FAIRFIELD – Solano County Sheriff Tom Ferrara will retire in September after 42 years as a law enforcement officer and 13 years as sheriff, Ferrara announced on Thursday.
Ferrara sent a letter to the Solano County Board of Supervisors Thursday announcing his retirement. “I am leaving behind an administration and a supporting staff that are highly qualified and fully capable of continuing the duties of the Sheriff’s Office,” Ferrara wrote. “I have complete confidence in the ability of the employees of the Sheriff’s Office to continue under new leadership.”
Ferrara was reelected in 2022 and still has three years remaining in his current term. The sheriff is generally elected to a four-year term, but a state law passed in 2022 requires county offices to be elected on presidential election years, so Ferrara’s current term will last until 2028. Ferrara said his retirement will be effective on Sept. 25.
The Board of Supervisors will appoint a sheriff to serve the remainder of Ferrara’s term and in his letter, Ferrara recommended that Undersheriff Brad DeWall be appointed.
“Undersheriff DeWall has been my second-in-command for several years and he is highly experienced and well qualified to lead the Sheriff’s Office,” Ferrara wrote. “He knows both the department and county government very well and has achieved the necessary level of experience to provide effective leadership for a diverse law enforcement agency.”
The sheriff’s office operates the county jails, provides security in courts, and is responsible for policing unincorporated areas of the county and the city of Rio Vista.
According to his sheriff’s office biography, Ferrara’s first law enforcement position was as a cadet with the Rio Vista Police Department in 1978. After graduating from the police academy, he was a reserve officer in Rio Vista and then was hired as a police officer in Isleton in 1983. He joined the Solano County Sheriff’s Office the following year.
He was promoted to sergeant in 1995 and then to chief deputy in 1999. When Sheriff Gary Stanton reorganized the sheriff’s office in 2002, Ferrara was promoted to captain and placed in charge of the county jails. He was promoted again to undersheriff in 2006.
Stanton retired in 2012 and recommended Ferrara to replace him for the remainder of his term. Ferrara won his election as sheriff unopposed at the end of Stanton’s term in 2014. He then fended off election challenges from sheriff’s Deputy Daryl Snedeker and Fairfield police Lt. Dan Marshall in 2018, earning more than half the vote.
In recent years, Ferrara’s office has faced controversy and attempts at greater oversight. In 2021, an investigative report revealed that multiple deputies had displayed Three Percenter symbols on their personal social media pages, a group with extreme anti-government, pro-gun beliefs that was involved in the Jan. 6, 2021, attack on the U.S. Capitol. Ferrara defended the deputies and refused to investigate the incident.
Later in 2021, Ferrara’s office was sued by Nakia Porter, who alleged that sheriff’s deputies dragged her from her car and beat her unconscious after she had pulled over to switch drivers near Dixon. Ferrara defended the deputies, saying that Porter had slipped her wrist out of her handcuffs and struck Deputy Dalton McCampbell, though no video shows this.
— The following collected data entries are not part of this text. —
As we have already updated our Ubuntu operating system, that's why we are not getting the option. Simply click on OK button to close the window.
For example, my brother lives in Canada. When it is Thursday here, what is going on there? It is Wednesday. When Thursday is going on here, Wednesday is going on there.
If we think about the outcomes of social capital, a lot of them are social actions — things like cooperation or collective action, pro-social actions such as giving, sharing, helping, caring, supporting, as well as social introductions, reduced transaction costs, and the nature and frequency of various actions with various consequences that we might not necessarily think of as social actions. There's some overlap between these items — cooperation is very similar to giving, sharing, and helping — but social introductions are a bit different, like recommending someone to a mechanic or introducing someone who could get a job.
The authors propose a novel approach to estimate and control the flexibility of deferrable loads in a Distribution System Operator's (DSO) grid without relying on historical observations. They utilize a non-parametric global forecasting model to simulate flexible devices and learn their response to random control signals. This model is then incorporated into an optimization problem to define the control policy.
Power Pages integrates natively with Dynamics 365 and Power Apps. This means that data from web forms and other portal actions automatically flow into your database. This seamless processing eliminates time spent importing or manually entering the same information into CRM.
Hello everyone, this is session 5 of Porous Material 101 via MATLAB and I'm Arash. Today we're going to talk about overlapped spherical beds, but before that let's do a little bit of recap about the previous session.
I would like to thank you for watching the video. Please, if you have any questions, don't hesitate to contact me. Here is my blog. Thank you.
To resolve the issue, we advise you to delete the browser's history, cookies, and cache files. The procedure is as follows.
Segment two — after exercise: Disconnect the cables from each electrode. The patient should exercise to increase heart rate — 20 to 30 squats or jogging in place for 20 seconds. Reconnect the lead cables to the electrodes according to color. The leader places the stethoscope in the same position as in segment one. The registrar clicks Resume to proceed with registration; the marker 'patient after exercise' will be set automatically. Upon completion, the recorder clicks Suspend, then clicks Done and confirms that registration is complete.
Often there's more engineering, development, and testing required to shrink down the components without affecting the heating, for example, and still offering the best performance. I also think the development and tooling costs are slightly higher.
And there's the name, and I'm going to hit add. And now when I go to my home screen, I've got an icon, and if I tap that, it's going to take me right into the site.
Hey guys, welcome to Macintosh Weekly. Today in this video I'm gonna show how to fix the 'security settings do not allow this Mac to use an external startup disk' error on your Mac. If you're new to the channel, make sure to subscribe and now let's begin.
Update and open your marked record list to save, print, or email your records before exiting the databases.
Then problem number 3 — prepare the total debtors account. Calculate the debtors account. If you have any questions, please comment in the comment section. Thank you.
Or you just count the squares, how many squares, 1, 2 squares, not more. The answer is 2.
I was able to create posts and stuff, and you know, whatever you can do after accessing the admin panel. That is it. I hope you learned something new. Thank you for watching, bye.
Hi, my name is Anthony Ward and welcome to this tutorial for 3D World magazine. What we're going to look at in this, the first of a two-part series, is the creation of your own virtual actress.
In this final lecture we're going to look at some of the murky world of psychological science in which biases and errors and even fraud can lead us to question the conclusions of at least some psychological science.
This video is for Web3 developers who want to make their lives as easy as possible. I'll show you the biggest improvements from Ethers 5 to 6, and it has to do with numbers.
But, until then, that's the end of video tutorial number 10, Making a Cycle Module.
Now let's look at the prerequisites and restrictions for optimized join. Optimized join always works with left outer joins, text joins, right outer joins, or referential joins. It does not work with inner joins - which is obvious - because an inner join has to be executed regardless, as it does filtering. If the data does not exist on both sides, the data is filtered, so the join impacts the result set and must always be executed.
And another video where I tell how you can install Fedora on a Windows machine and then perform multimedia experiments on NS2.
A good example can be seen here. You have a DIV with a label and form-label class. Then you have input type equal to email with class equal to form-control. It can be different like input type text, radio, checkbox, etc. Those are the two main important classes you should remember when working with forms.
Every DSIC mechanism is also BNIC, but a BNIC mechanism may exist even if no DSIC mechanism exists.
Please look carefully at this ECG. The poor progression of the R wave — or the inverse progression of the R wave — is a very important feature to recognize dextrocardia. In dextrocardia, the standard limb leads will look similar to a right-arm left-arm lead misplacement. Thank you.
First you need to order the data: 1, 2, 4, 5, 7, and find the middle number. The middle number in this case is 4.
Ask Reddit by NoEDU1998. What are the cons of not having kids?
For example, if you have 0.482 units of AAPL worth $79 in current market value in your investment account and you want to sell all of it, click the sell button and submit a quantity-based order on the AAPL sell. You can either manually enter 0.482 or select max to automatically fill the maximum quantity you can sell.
Following the incident with Porter, the Board of Supervisors had a meeting to consider creating an oversight board that could investigate the sheriff’s office, but declined to do so.
In 2022, Ferrara once again faced Snedeker for reelection, but handily beat him, 70%-30%. During the election, Snedeker criticized the agency’s “hand-me-down” system where an incumbent will retire early and pass the job to a subordinate, who then runs as an incumbent.
“A hand-me-down system like that limits your ability to evolve as an agency,” Snedeker said. “It's just the status quo: that's what they know, that's what they do.”
Snedeker campaigned on doing more to help people in jails connect with resources to reduce recidivism.
The sheriff’s office had difficulty preventing deadly drugs like fentanyl from getting into the jails that year and there were five deaths in Solano County jails in 2022 – more than in the previous 20 years – and five more deaths in 2023. However, no one died in the jails in 2024.
The next sheriff could oversee a major expansion of the office’s responsibilities in the county. The Board of Supervisors is considering an $11.2 million contract for sheriff’s deputies to patrol Vallejo and bolster the beleaguered Vallejo Police Department starting next year. The state legislature passed a new law that would allow the sheriff’s office to hire back retired deputies to supplement its own ranks to patrol Vallejo.
However, that plan has run into roadblocks. During a Board of Supervisors meeting last month, Ferrara questioned whether he could staff up and obtain equipment in time for the Jan. 1 start date. A particular challenge was that the state Public Employees' Retirement System found that retired deputies were already working for the sheriff’s office beyond what they were legally allowed to and ordered Ferrara to terminate eight retired deputies’ contracts by this month.
The board is expected to revisit the contract at its July 22 meeting.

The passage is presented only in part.